En 1977 cependant, alors qu’il manque près de cinq millions de dollars pour finaliser le projet, l’équipe en quête de financement envoie à tous les studios hollywoodiens un pavé décrivant précisément les ambitions du film, le scénario, les méthodes de production etc. Cependant, tous refusent, craignant la démesure de Jodorowsky et effrayés lorsque celui-ci évoque un film d’une durée finale de douze heures.
D’un jour à l’autre, le projet tombe à l’eau. Dune de Jodorowsky ne sera pas.
L’abandon du projet marque profondément Jodorowsky, amer d’avoir été ainsi écarté par les producteurs d’Hollywood pour son extravagance artistique.
Car son projet a attiré leur attention, notamment celle de la productrice Raffaella de Laurentiis, qui décide de confier l’adaptation de Dune à David Lynch, moins imprévisible que Jodorowsky. Ce dernier confessera sa joie suite au visionnage de sa version de Dune, tant elle représente à ses yeux un échec, avouant “petit à petit, je souriais en m’apercevant que le film était horrible ! C’est un comportement humain après tout.”
Que retenir de cette histoire ?
L’influence du Dune avorté de Jodorowsky est manifeste et latente dans l’histoire du cinéma de science-fiction. De Star Wars à Prométhéus en passant par Star Trek et Flash Gordon, de nombreux films se sont inspirés de mises en scène imaginées par l’équipe de réalisation. C’est aussi grâce à ce projet que Giger, Moebius et O’Brian entrent en relation, et établissent une collaboration qui donnera plus tard naissance au film culte Alien.
De son côté, Jodorowsky se reconvertit dans le milieu de la bande-dessinée, et réalise notamment l’œuvre légendaire L’Incal, toujours en collaboration avec Moebius. Cette dernière va d’ailleurs être prochainement adaptée au cinéma par Taika Waititi.
Georges Lucas aurait-il réalisé Star Wars si Dune de Jodorowsky était sorti seulement trois ans auparavant ?
La team des guerriers spirituels aurait-elle travaillé main dans la main sur Alien ? La B-O des Pink Floyd aurait-elle été culte ? Dali aurait-il bien joué ? Timothée nous aurait-il un jour dévoilé ses pecs en incarnant le rôle de Paul à l’écran ?
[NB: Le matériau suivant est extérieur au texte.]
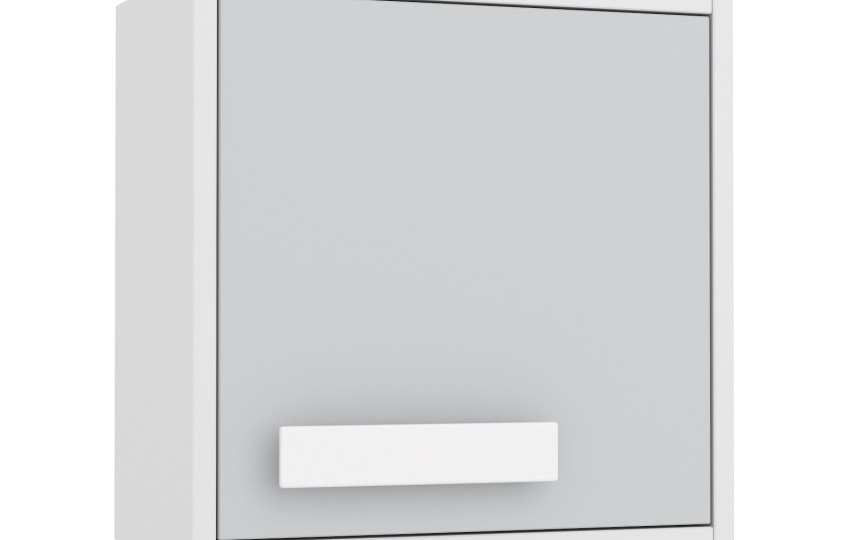 Шкаф навесной Моно НШ1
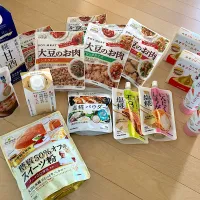 Snapdishの料理写真:マルコメ座談会参加のお礼が届きました🎵＼(^o^)／感謝⭐️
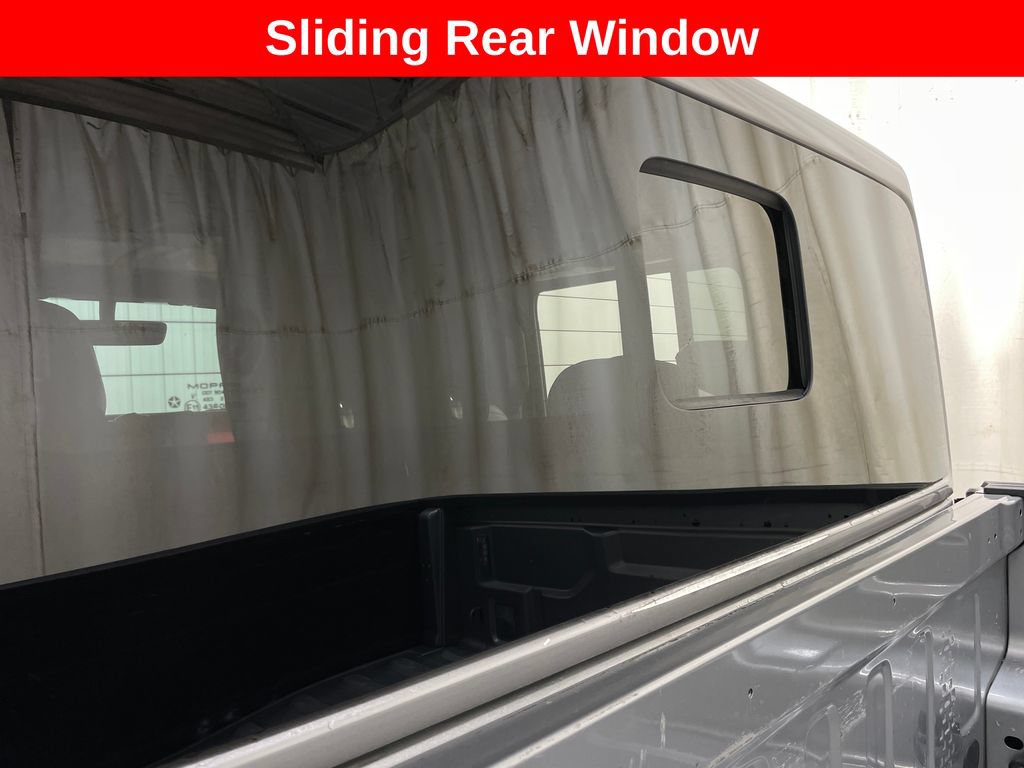 Used 2020 Jeep Gladiator Rubicon AWD/4WD image 10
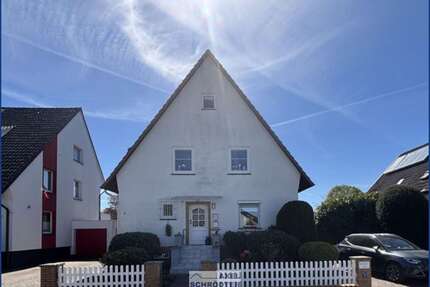 Wohnung zum Mieten in Celle Westercelle 680,00 € 80 m² - Celle / Westercelle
Finalement, ces questions sans réponses, à l’origine de débats sans fin, entretiennent la légende du Dune de Jodorowsky, dont la spiritualité réside peut-être dans la fascination que les gens entretiennent encore de nos jours autour de cette œuvre qui n’existe pas.
Si vous voulez plus de détails sur cette folle histoire, je vous recommande de visionner le documentaire Jodorowsky’s Dune, disponible gratuitement sur Youtube (en français, espagnol et anglais à la fois, donc recommandé pour les trilingues !) ou de l’acheter légalement en VOD.